Hypothesis / aims of study
Intermittent catheterisation (IC) is a technique for patients requiring bladder drainage, with hydrophilic-coated ICs offering advantages over uncoated catheters by reducing friction and enhancing comfort. Hydrophilic coatings, typically composed of polyvinylpyrrolidone (PVP), absorb water to create a lubricious surface. However, PVP can become mucoadhesive upon drying, potentially increasing friction during catheter withdrawal and leading to complications such as urethral microtrauma (1). To address these concerns, an alternative coating-free technology incorporating integrated amphiphilic surfactants (IAS) has been developed. This innovation provides hydrophilic properties without the drawbacks of hydrophilic PVP-based coatings.
Existing methods for assessing IC performance often lack physiological relevance and provide no insight into the risk of urethral microtrauma. To overcome these limitations, this study employs an ex vivo porcine urethral model that more accurately simulates in vivo conditions. The primary aims of this research is to;
• Provide insights into the use of intermittent catheters and urethral microtrauma.
• Investigate the extent of urethral microtrauma associated with different types of ICs, comparing traditional hydrophilic-coated catheters with the novel IAS technology.
Study design, materials and methods
A comparative analysis was conducted using commercial hydrophilic PVP-coated ICs and IAS-based ICs. Ex vivo porcine urethral tissue was used to simulate physiological catheterisation conditions. The force required for catheter withdrawal was measured using a texture analyser to assess frictional resistance. Histological sections (4 µm thick) were prepared, and immunohistochemistry was performed using primary anti-E-Cadherin rabbit antibody (1/100 dilution) and secondary Goat anti-rabbit IgG Alexa Fluor 488 antibody.
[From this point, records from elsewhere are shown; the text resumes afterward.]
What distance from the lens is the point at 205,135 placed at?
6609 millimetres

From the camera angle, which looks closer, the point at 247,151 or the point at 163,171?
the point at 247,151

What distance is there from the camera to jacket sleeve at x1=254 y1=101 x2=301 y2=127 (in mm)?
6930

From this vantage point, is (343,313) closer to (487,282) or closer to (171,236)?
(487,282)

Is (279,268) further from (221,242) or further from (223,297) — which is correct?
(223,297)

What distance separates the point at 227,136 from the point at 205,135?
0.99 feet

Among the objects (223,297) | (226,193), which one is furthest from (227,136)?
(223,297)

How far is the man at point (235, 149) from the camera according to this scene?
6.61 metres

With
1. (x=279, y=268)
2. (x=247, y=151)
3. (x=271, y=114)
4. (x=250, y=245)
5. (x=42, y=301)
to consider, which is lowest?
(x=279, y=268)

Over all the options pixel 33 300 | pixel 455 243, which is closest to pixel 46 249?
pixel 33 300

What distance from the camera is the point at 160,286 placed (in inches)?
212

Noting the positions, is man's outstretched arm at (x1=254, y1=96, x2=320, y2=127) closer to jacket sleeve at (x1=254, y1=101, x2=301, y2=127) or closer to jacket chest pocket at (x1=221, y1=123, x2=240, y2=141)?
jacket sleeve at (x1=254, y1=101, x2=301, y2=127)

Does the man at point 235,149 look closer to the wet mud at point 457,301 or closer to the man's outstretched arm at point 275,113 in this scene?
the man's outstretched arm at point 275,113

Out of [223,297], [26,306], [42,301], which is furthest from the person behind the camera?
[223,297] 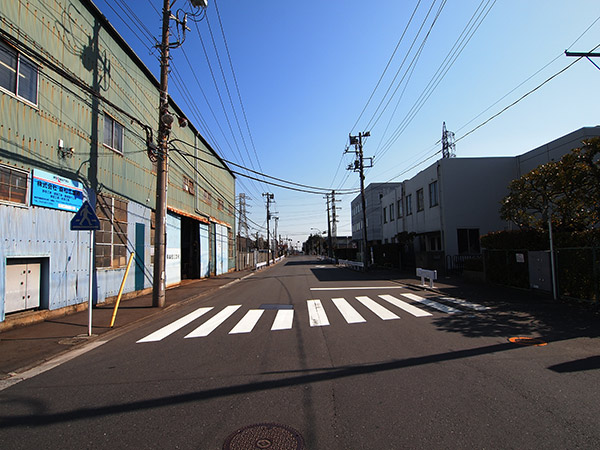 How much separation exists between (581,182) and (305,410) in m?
14.5

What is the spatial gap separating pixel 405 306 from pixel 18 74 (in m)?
12.1

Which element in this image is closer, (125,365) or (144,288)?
(125,365)

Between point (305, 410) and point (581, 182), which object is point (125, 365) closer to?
point (305, 410)

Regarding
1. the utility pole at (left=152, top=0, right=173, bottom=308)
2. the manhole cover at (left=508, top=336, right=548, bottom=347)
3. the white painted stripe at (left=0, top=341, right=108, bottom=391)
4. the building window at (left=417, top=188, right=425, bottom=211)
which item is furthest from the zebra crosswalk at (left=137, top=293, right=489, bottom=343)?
the building window at (left=417, top=188, right=425, bottom=211)

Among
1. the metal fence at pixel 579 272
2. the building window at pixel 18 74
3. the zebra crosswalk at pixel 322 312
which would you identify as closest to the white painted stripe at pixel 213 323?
the zebra crosswalk at pixel 322 312

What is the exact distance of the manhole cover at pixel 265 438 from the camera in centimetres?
329

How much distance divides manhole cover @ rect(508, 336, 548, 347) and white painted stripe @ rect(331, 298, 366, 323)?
3281 mm

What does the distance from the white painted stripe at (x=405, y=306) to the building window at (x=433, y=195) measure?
15.7 metres

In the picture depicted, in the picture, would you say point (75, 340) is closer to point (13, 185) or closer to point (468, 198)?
point (13, 185)

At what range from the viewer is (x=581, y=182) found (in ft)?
44.3

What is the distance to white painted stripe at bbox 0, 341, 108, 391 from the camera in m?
5.30

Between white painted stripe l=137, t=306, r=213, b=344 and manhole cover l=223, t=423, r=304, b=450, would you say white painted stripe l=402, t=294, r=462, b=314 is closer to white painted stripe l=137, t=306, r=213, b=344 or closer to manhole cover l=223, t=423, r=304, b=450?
white painted stripe l=137, t=306, r=213, b=344

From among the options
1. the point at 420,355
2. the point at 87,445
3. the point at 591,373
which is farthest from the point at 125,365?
the point at 591,373

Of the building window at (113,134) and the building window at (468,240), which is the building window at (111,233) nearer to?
the building window at (113,134)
Fluorescence microscopy was then employed to evaluate potential damage to the transitional uroepithelial membrane post-catheterisation.
Results
After 120 seconds of catheter-tissue interaction (mimicking real-world use), fluorescence analysis revealed that hydrophilic PVP-coated Brand 1, Brand 2, and Brand 3 (microeyelets) exhibited uroepithelial damage levels of 3.30±0.23%, 3.52±0.74%, and 3.87±0.89%, respectively. In comparison, the IAS-based IC demonstrated a significantly lower fluorescence reduction of 5.73±1.66%.
Interpretation of results
As diminished fluorescence correlates with membrane damage, these preliminary results suggest that IAS-based ICs may exert less trauma on the urethral lining than their PVP-coated counterparts.